Putman is concerned that issuers will have trouble complying with the guidelines unless derivatives are more clearly defined.
The problem "is we haven't defined what the word ~derivative' means," Putman said. "We've now defined almost everything that isn't conventional passbook savings as derivatives."
The basic definition of a derivative is a product that derives its value from another security, asset, or index. Interest rate swaps, inverse floating-rate municipal bonds, and a host of other products fall under this definition.
But among this broad classification are products with very different performance characteristics, volatility, and risks.
Putman, for example, believes that the term derivatives should be applied only to interest rate swaps, caps, floors, options, and other products whose value is derived from an underlying security through a contract. Inverse floaters, he maintains, are securities with adjusted cash flows, not derivatives.
One of Putman's main concerns, is that regulators and market participants understand that inverse floaters typically are fixed-rate securities for issuers, even though they are variable-rate securities and potentially volatile for investors.
As a result, while the issuer and the broker-dealer have an obligation to describe the inverse floater and its potential volatility or risks for the investor, the issuer should not have to disclose any information about the product in its financial statements because the product will have no effect on its financial condition, Putman said.

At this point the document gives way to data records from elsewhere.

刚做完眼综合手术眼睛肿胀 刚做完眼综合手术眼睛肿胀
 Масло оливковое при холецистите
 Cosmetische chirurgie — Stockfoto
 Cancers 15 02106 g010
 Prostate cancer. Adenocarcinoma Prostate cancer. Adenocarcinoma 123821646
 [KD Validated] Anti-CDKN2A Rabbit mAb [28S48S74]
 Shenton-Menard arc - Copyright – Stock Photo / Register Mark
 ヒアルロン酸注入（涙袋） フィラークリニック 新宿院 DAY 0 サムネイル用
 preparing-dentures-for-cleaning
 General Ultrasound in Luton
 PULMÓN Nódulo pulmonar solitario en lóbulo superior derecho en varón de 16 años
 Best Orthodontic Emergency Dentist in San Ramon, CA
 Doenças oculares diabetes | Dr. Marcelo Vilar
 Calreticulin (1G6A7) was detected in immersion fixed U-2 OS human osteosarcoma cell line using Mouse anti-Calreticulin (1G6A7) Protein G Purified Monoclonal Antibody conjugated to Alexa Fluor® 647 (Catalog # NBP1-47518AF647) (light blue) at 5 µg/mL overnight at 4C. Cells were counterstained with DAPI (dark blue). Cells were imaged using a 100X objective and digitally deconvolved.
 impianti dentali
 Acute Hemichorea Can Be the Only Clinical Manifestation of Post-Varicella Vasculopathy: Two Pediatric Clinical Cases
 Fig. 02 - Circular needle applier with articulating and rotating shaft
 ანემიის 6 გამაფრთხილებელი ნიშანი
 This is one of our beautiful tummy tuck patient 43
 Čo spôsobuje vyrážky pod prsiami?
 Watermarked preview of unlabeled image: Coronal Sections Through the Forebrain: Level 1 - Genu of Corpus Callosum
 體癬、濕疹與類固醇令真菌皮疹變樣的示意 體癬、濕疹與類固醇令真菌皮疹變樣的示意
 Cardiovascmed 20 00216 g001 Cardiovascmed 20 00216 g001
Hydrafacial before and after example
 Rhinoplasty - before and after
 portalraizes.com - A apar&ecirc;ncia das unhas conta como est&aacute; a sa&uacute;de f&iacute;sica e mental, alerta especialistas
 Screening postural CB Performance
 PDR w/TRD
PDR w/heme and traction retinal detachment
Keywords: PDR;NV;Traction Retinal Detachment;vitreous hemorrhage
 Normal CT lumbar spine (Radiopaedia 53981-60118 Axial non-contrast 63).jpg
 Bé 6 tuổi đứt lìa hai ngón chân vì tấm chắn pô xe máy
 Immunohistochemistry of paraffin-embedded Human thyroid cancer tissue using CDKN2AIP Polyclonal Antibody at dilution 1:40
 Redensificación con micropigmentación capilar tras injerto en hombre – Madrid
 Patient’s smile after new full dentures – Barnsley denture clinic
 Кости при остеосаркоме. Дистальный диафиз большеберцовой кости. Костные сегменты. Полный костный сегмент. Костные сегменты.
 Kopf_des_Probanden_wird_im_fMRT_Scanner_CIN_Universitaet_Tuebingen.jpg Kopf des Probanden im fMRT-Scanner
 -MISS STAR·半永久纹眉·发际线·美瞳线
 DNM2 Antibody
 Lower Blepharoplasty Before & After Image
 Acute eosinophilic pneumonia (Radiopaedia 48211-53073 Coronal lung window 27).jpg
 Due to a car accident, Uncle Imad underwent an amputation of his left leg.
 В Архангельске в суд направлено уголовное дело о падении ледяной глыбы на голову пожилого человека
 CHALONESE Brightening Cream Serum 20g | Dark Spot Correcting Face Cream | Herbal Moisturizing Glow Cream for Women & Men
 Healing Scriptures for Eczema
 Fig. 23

Putman's goal, he said in an interview this week, is a better informed market. "The sentiment here is education," he said. "I think people need more education because the better informed people are, the better the markets are going to function."
The PSA, along with other industry groups, hopes to educate lawmakers and regulators in Washington. Monday, the PSA held a symposium on derivatives for Congressional staffers. It has also met one-on-one with key regulators and legislators.
More initiatives will be forthcoming, Putman said. The association is working on a handbook of municipal derivatives that will be released "shortly," he said. The association might issue guidelines for complying with the disclosure rules, similar to its release on complying with the federal ban on political contributions, he added.
Samuel B. Corliss Jr., managing director of municipal derivative products at Merrill Lynch and chairman of the PSA's subcommittee on municipal derivatives, said he is also concerned.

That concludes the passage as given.